Understoodit’s name is highly descriptive of what it does; basically, it’s a device-agnostic web app that can run in a browser on a student’s computer, smartphone or tablet device, allowing them to quickly and easily register confusion or understanding with a single click. That information is then relayed to a real-time dashboard that the lecturer or instructor can monitor to make sure the class is following along. The idea has obvious benefits: improve monitoring of classroom understanding, and improve the quality of lectures and avoid having to retread the same ground repeatedly to get concepts across.
Kaufman told BetaKit in an interview that the idea for Understoodit came from a lengthy academic career, during which he witnessed the same problems occurring again and again in classroom settings.

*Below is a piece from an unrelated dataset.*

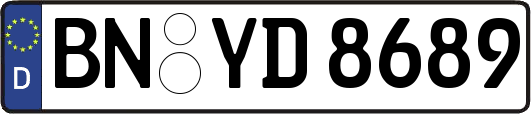 BN-YD8689
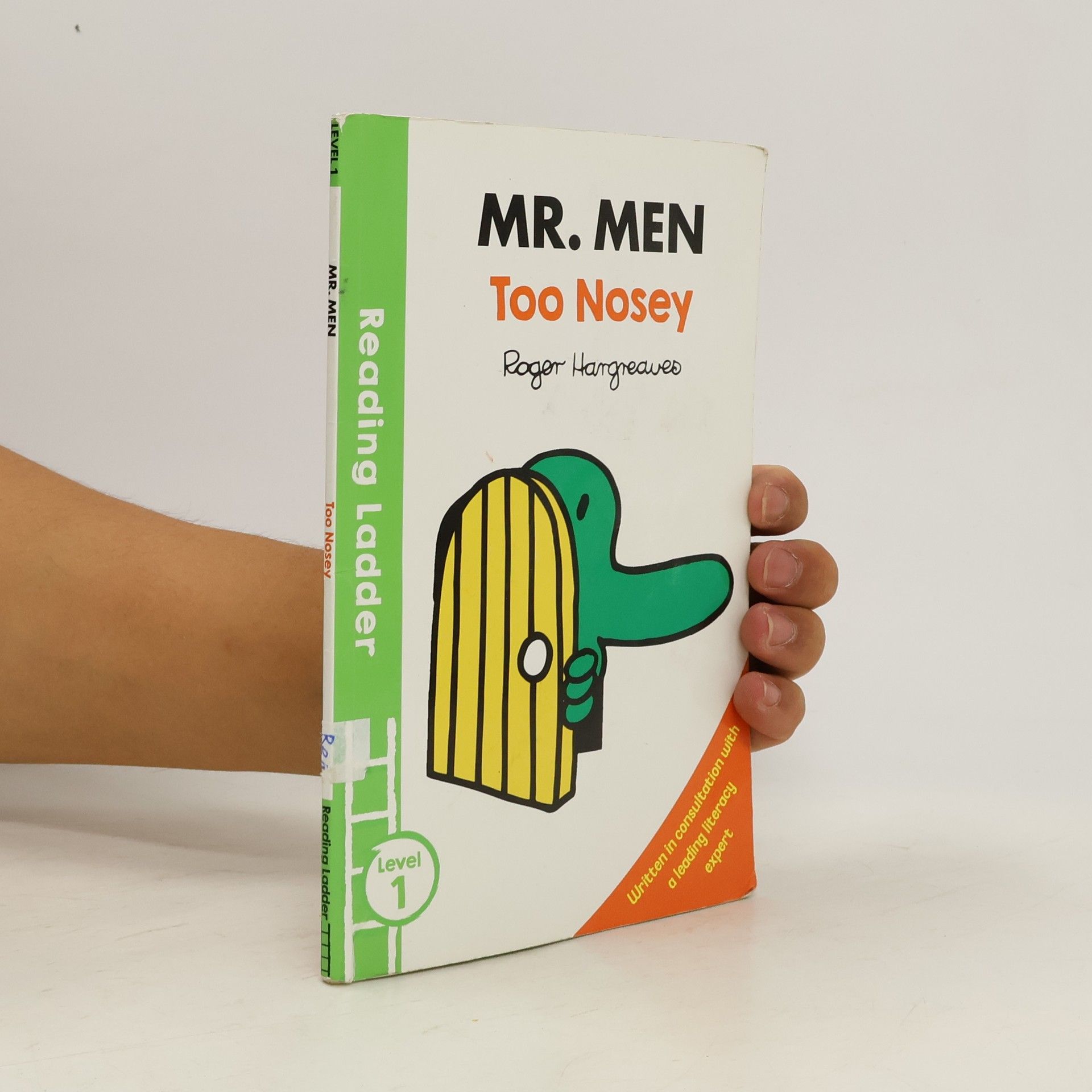 Egmont UK Mr. Men Too Nosey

After nearly 10 years in school doing a degree in psychology, graduate school and also another degree in computer science, Kaufman noticed one thing in particular that was consistently problematic.

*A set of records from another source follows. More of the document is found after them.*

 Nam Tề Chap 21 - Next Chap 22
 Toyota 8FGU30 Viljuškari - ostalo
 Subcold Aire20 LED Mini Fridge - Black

“One of the things I noticed is that in really large classes, there’s not a lot of interaction between students and teachers,” he said. “The teacher can’t really gauge if the class understands until the mid-term, or when they’re evaluated by the students, and by that time it’s really too late.”

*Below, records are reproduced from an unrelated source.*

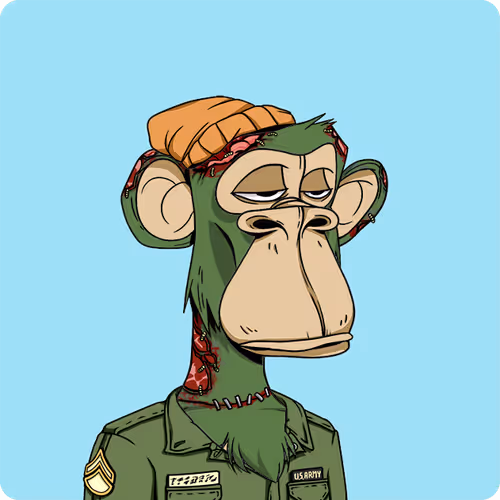 Bored Ape #7126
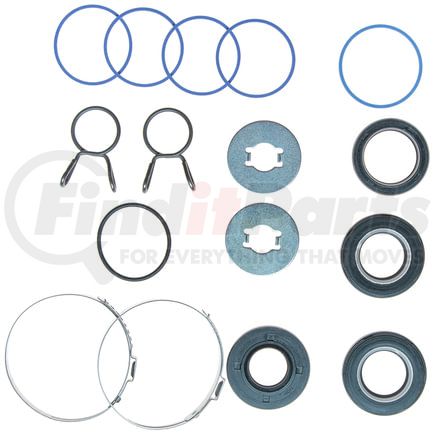 349360 by GATES - Power Steering Hose Kit - Power Steering Repair Kit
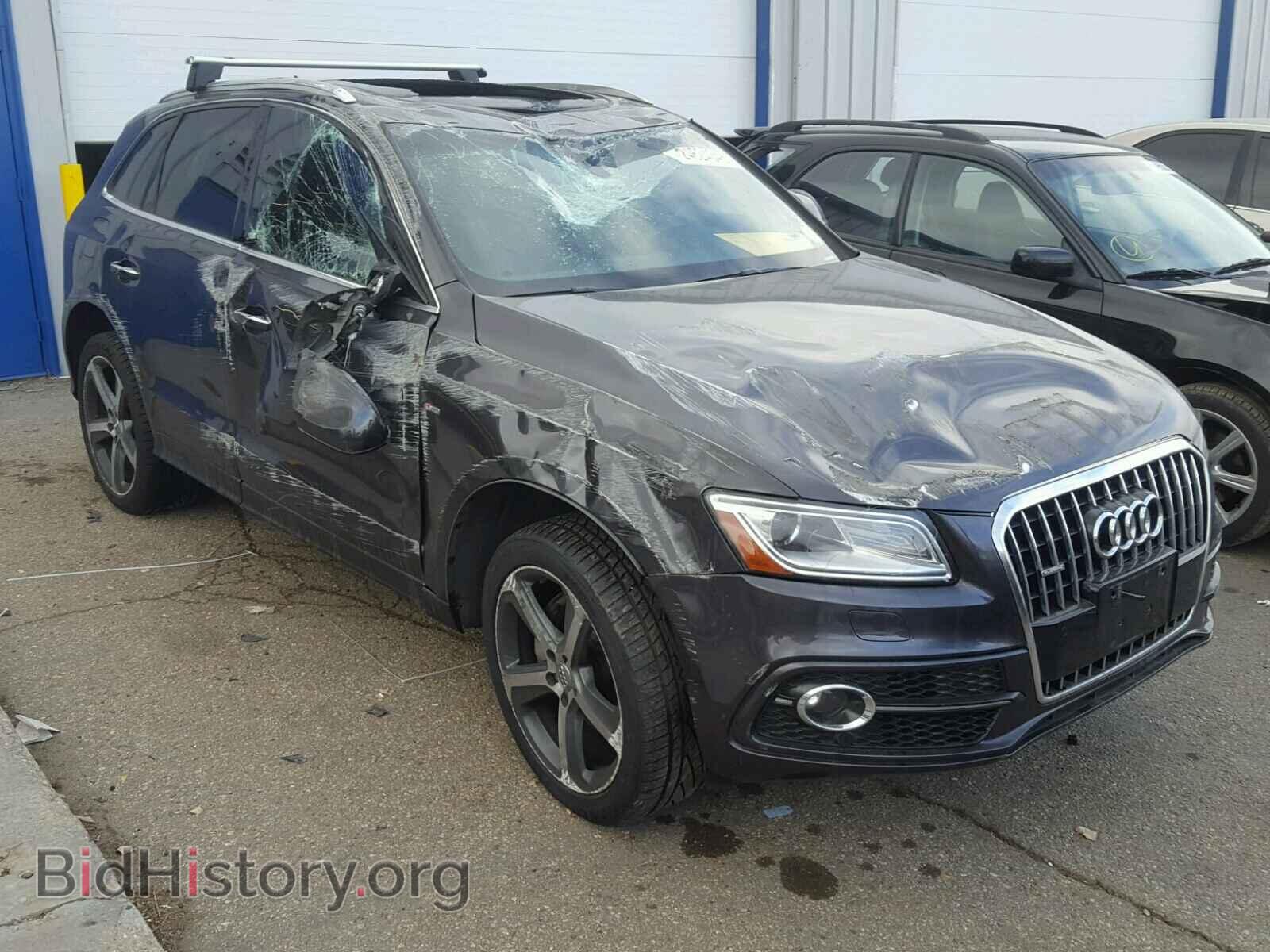 Photo WA1D7AFP6GA034529 - AUDI Q5 2016
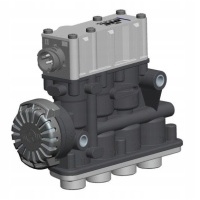 Knorr - bremse k019820n50 blok клапана sterującego су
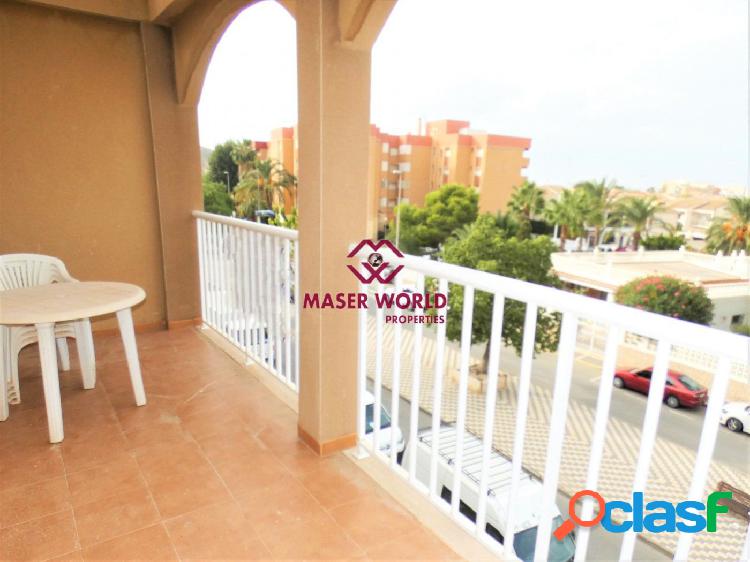 Apartamento en venta en Puerto de Mazarrón, centrico!!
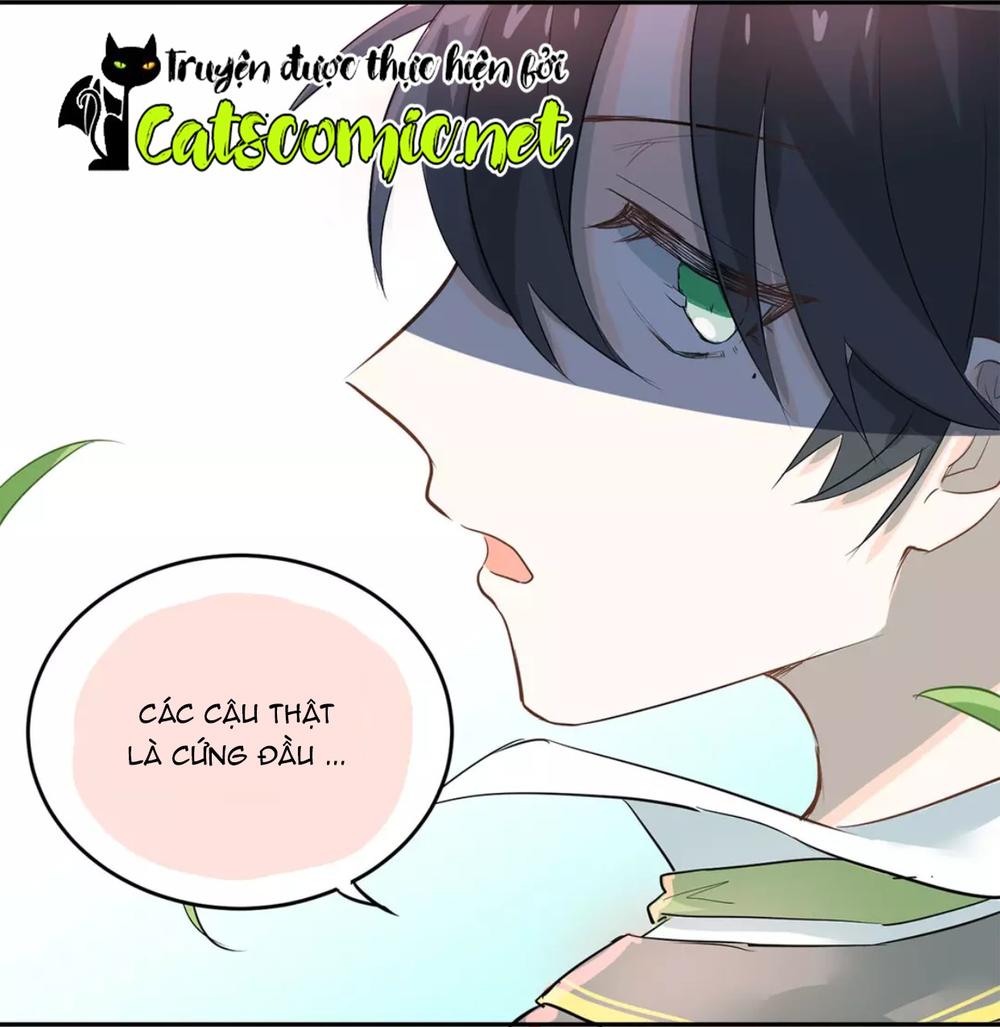 Đầu Gấu Biết Yêu Chapter 9 - Trang 2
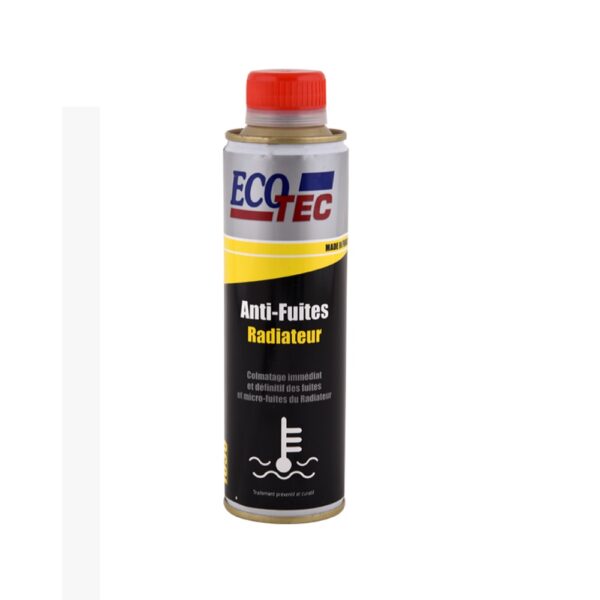 Anti-Fuite Radiateur, Voiture, 250ml - ECOTEC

Kaufman thought there should be a way to provide real-time feedback when it’s needed most – at the moment confusion occurs, which would help both students and teachers, by improving knowledge retention and helping instructors learn about potential problems or deficiencies in their lectures and teaching styles as they occur, instead of via general, vague feedback and half-remembered anecdotes collected on end-of-term course evaluation forms.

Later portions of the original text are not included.